====== Information supplied ======
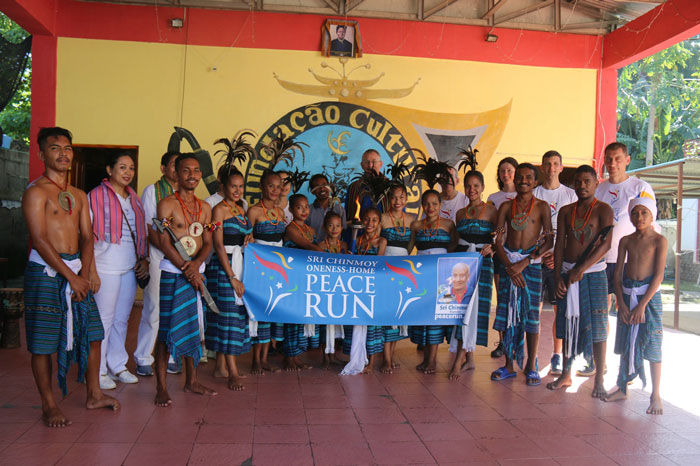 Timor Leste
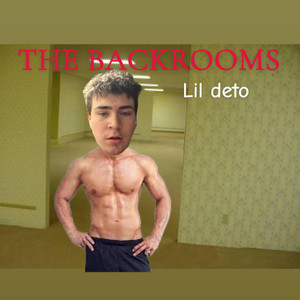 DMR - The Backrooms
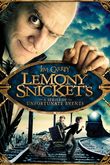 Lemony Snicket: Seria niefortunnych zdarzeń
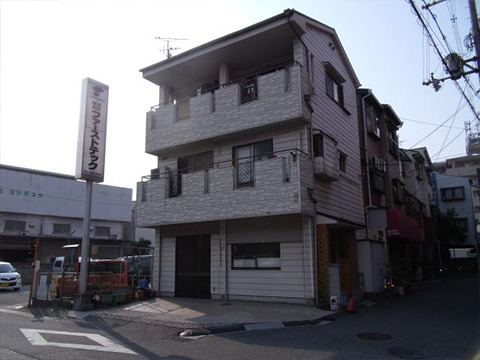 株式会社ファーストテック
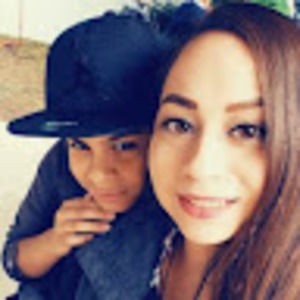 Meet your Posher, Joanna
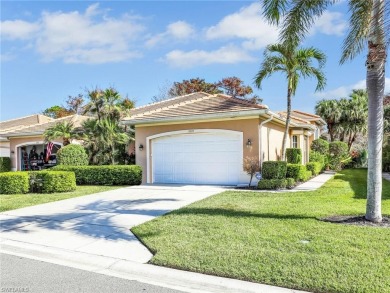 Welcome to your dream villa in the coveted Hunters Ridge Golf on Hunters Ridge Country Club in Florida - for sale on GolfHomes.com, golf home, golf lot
======
====== Information supplied ======
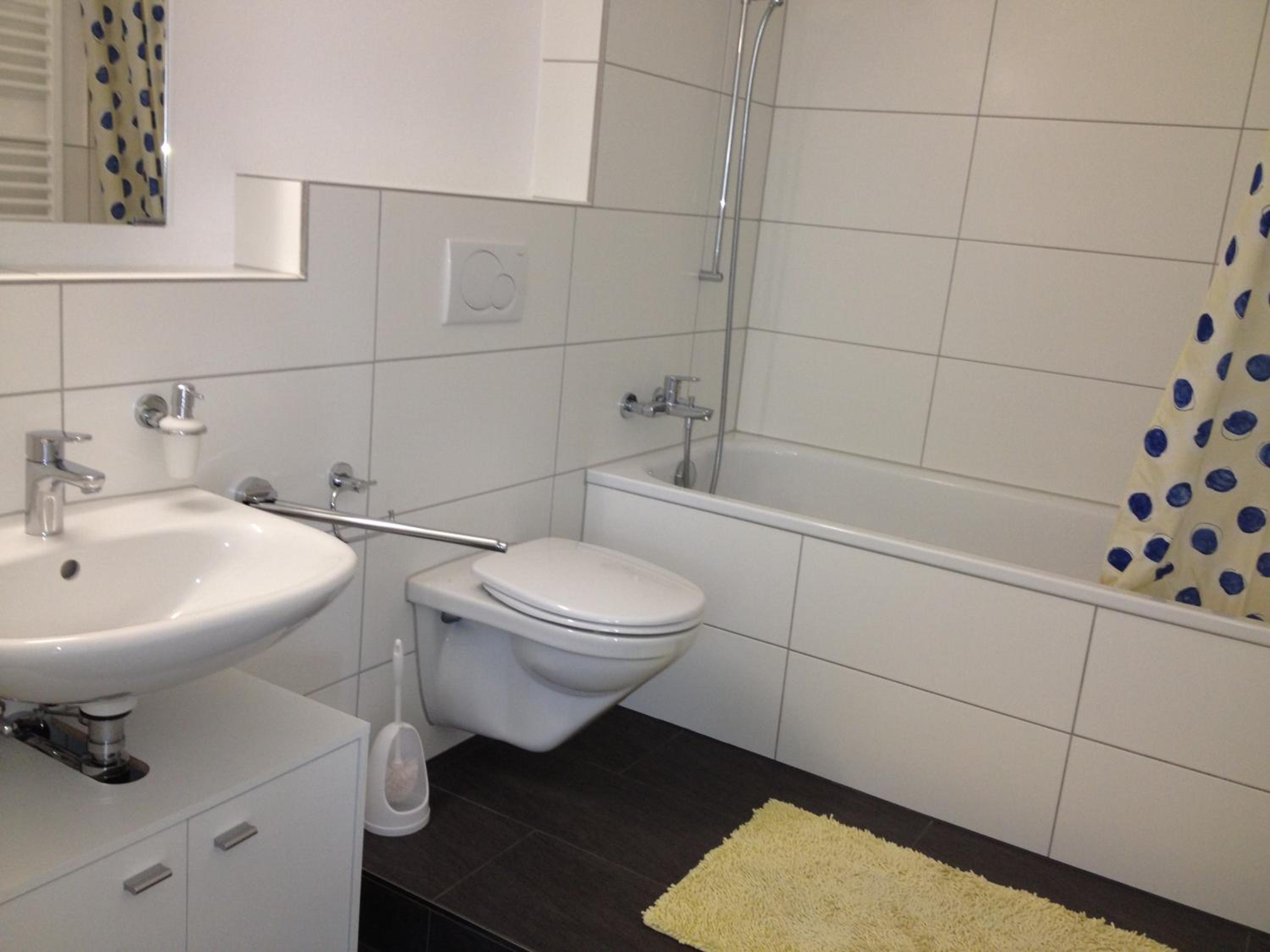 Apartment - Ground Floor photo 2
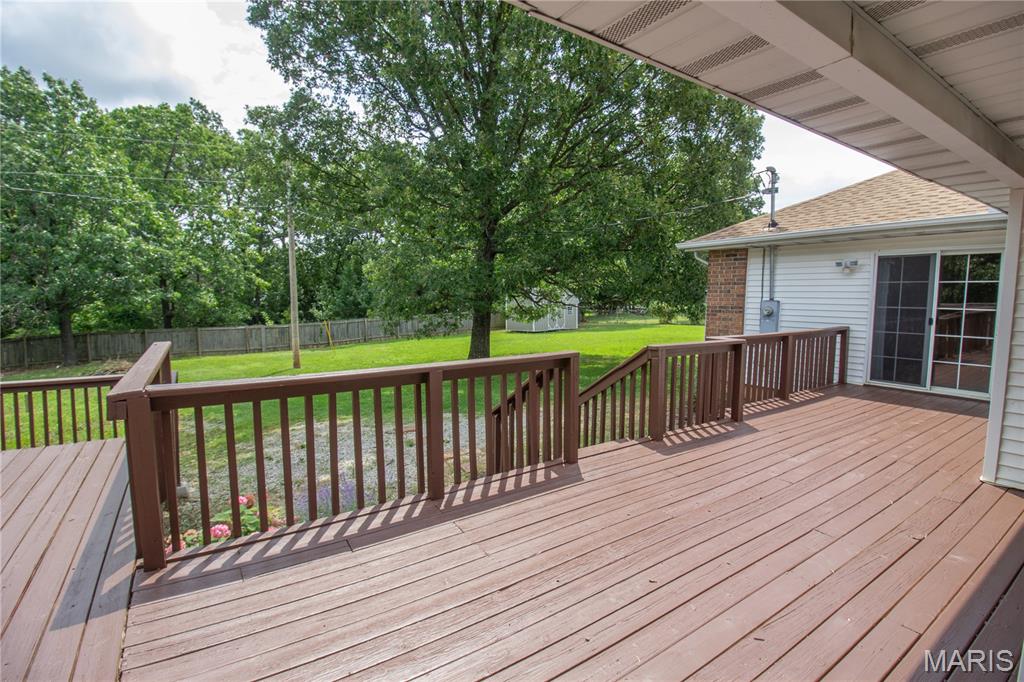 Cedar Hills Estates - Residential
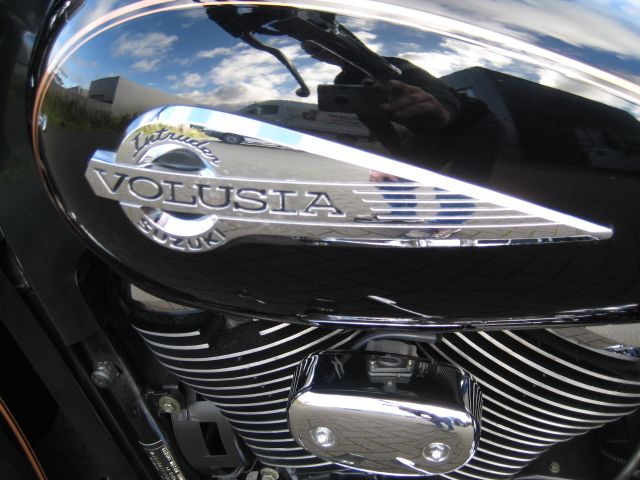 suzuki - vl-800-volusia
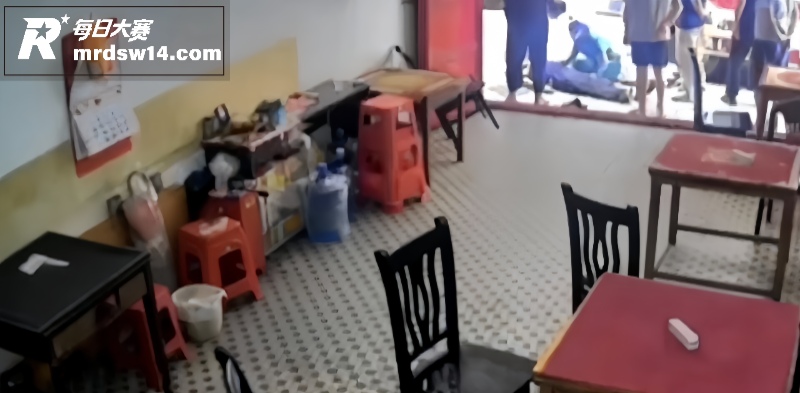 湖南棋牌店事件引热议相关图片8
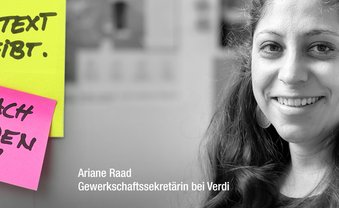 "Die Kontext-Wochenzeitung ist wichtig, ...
======
====== Information supplied ======
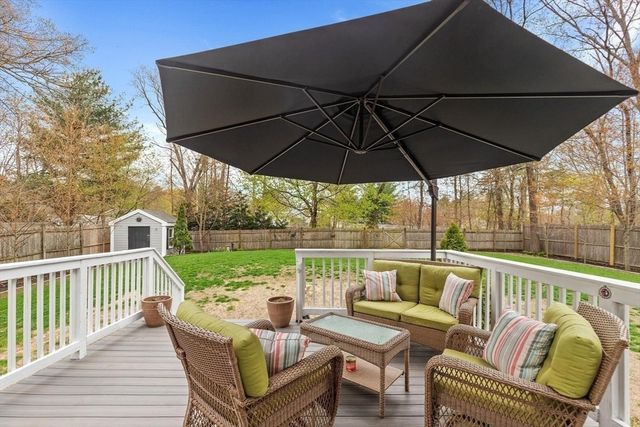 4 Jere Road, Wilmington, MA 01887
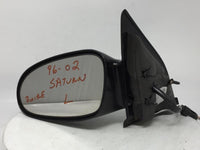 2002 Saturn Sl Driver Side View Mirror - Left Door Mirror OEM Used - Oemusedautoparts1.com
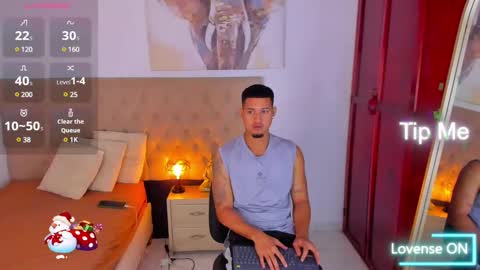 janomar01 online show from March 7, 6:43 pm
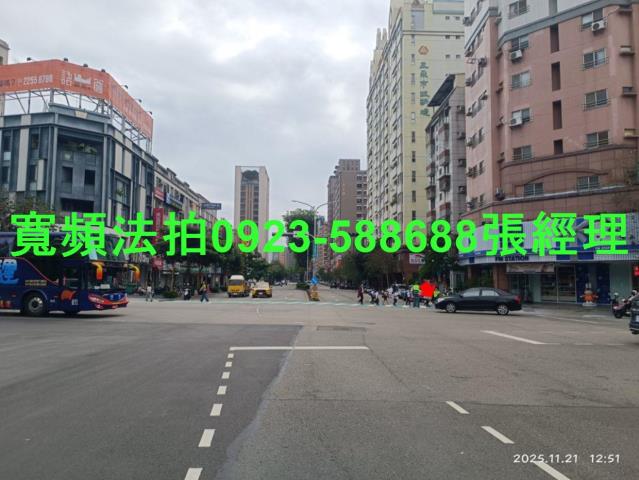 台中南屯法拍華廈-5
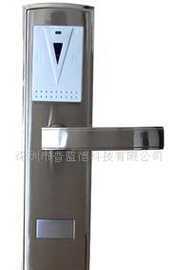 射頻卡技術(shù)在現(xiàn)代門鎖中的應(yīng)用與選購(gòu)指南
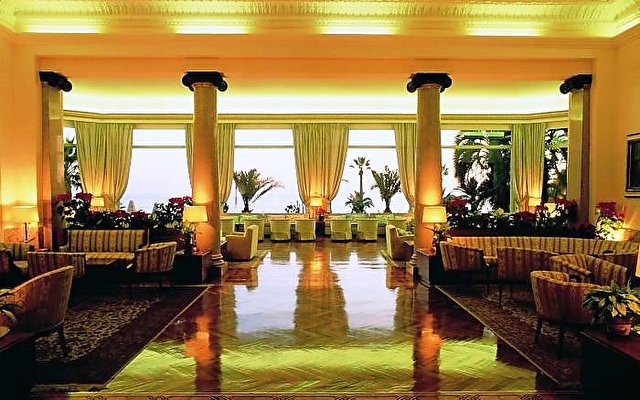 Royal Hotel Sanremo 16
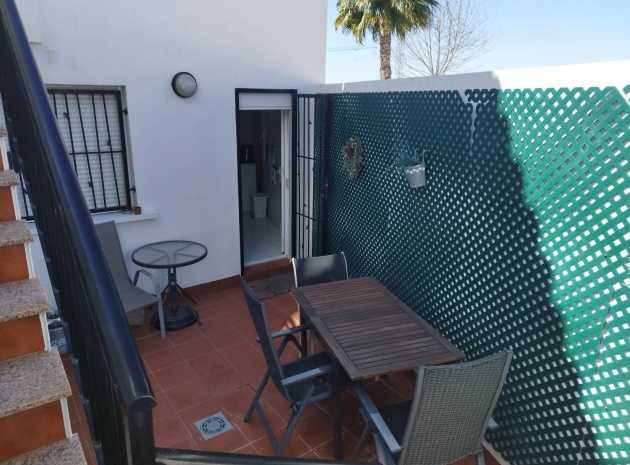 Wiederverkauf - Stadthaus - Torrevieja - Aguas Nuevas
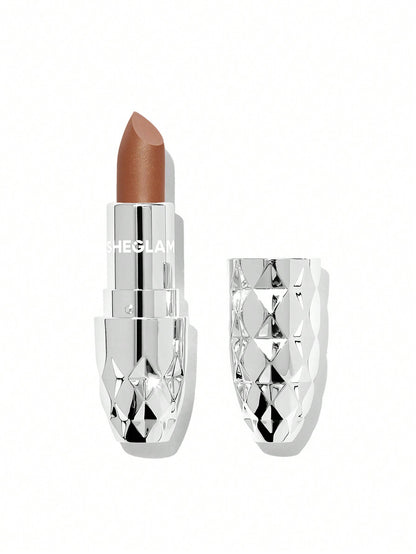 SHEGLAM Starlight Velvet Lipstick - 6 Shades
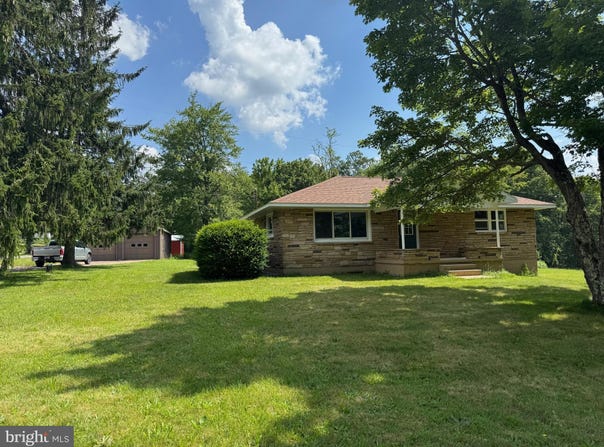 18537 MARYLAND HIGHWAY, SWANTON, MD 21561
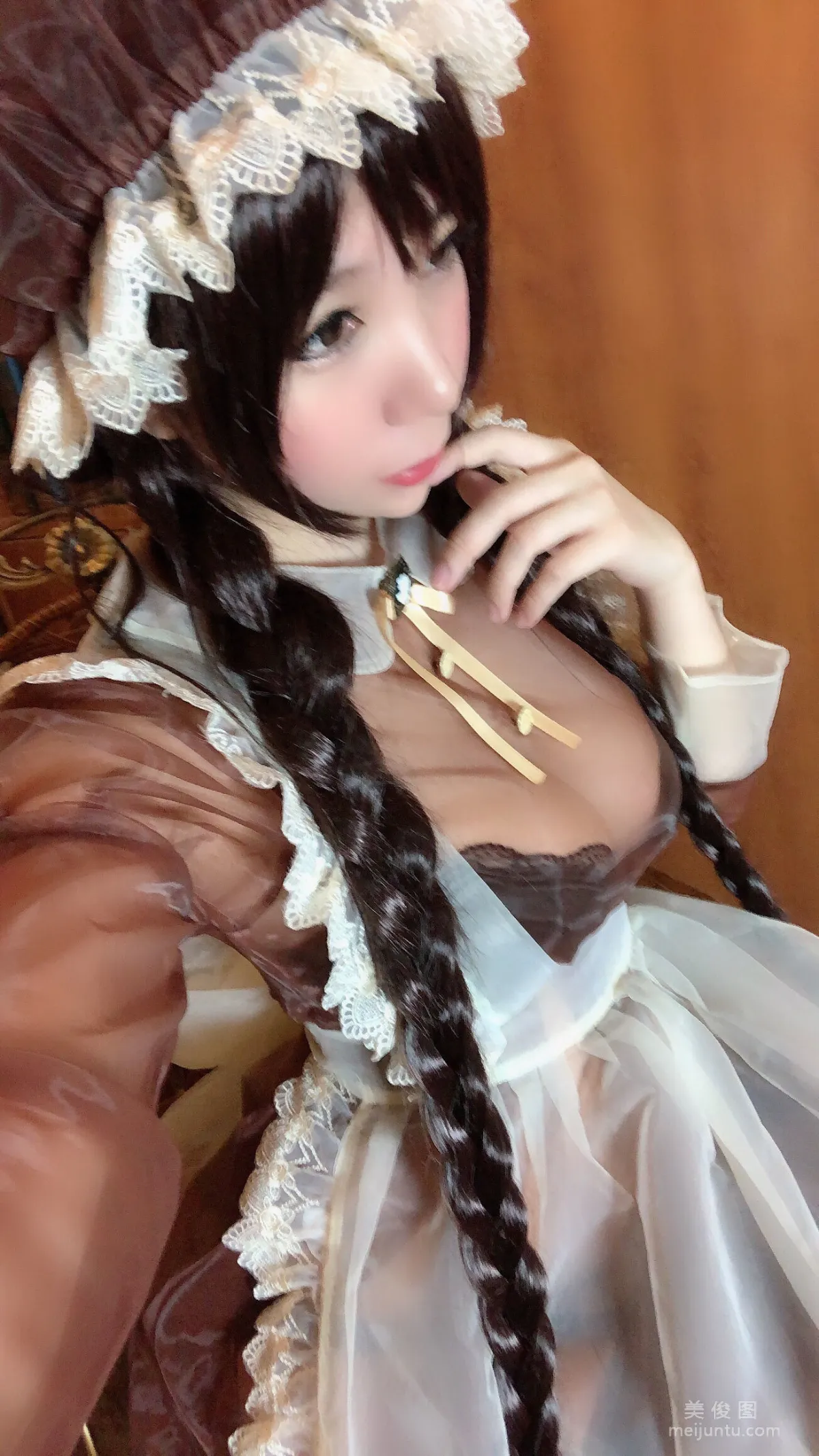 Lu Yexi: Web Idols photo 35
======
Pictures aside, return exactly the lines from the data above, starting at the line that has "Lemony Snicket: Seria niefortunnych zdarzeń" and ending at the line that has "Welcome to your", both included.

 Lemony Snicket: Seria niefortunnych zdarzeń
 株式会社ファーストテック
 Meet your Posher, Joanna
 Welcome to your dream villa in the coveted Hunters Ridge Golf on Hunters Ridge Country Club in Florida - for sale on GolfHomes.com, golf home, golf lot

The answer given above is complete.